* _Supplied data_:
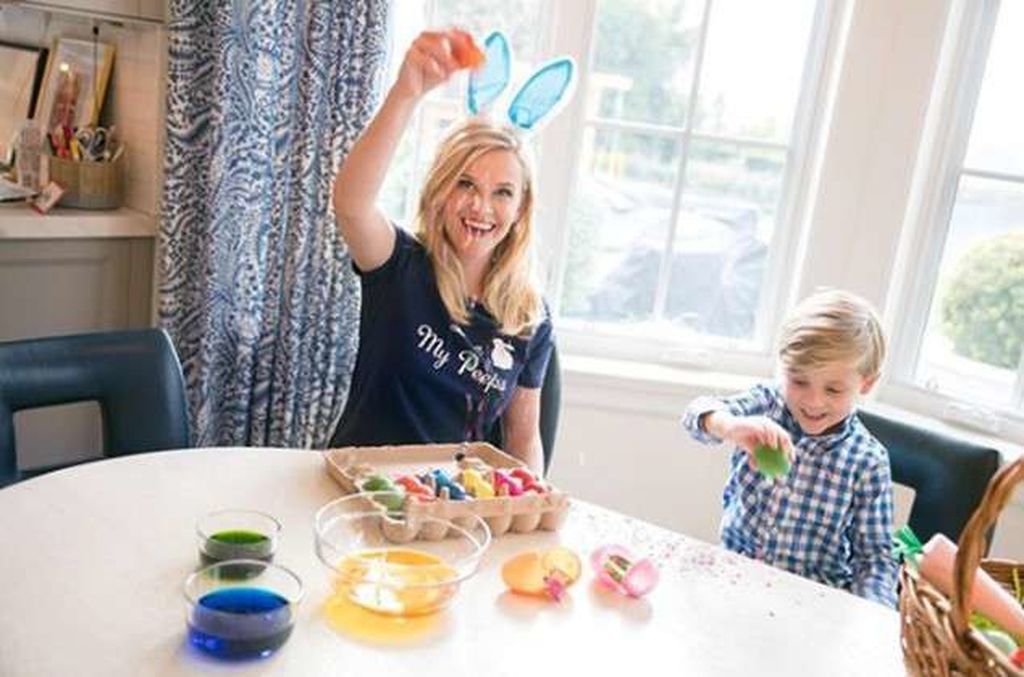 Η Reese Witherspoon με το γιο της βάφουν τα αυγά
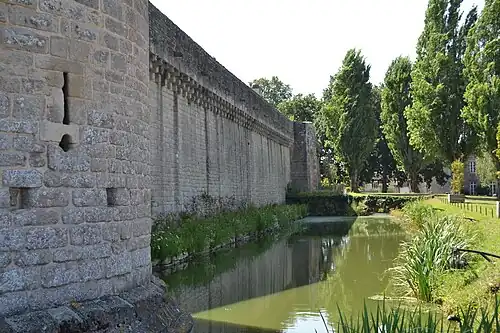 Douves au pied de la tour de l'Abreuvoir et de la porte Bizienne.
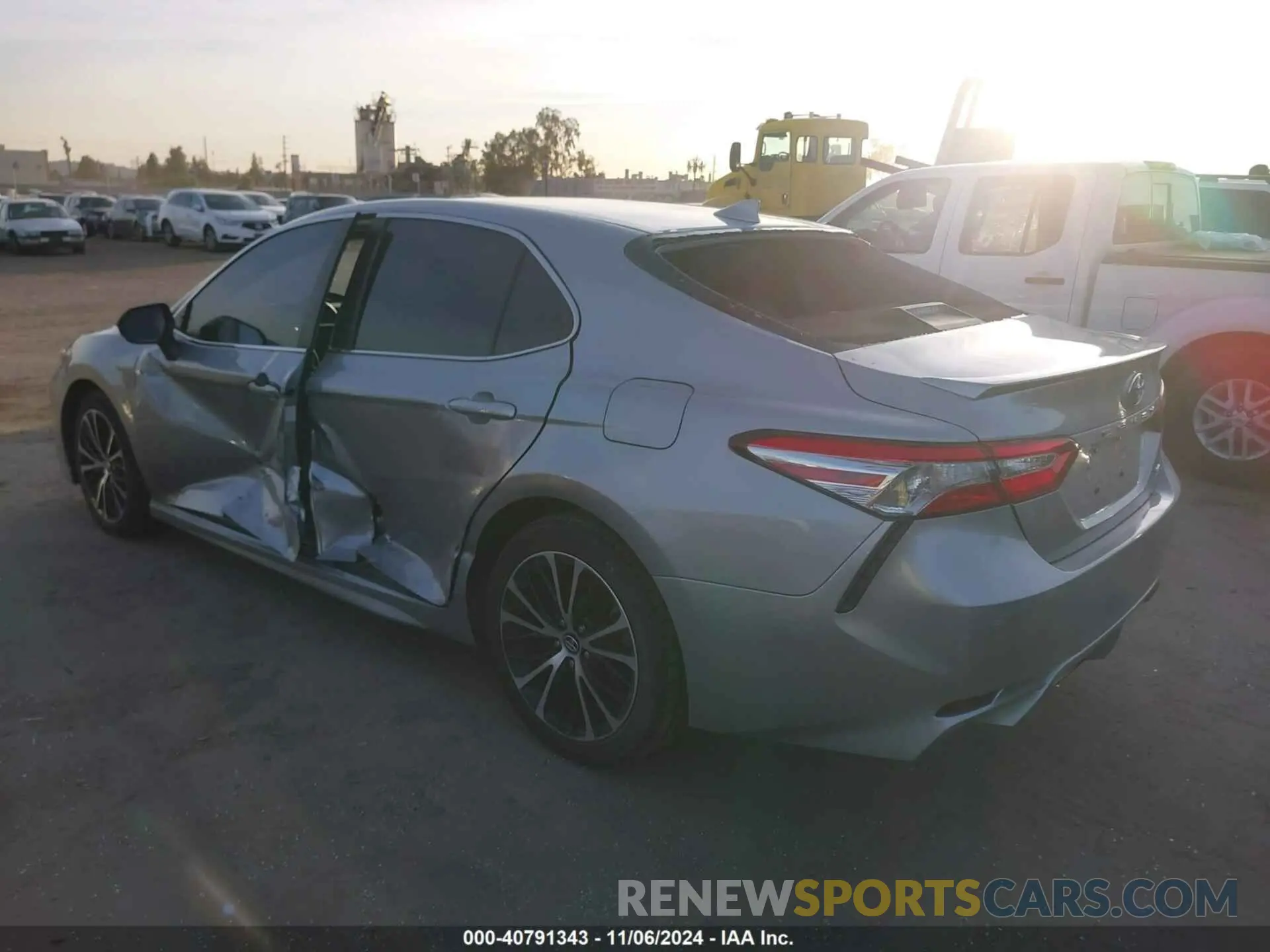 3 Фотография поврежденного автомобиля 4T1G11AKXLU926819 TOYOTA CAMRY 2020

* _Exercise details_: What is needed is every line of the data above, set down exactly but with the images left out.

* _Solution for this problem_:
 Η Reese Witherspoon με το γιο της βάφουν τα αυγά
 Douves au pied de la tour de l'Abreuvoir et de la porte Bizienne.
 3 Фотография поврежденного автомобиля 4T1G11AKXLU926819 TOYOTA CAMRY 2020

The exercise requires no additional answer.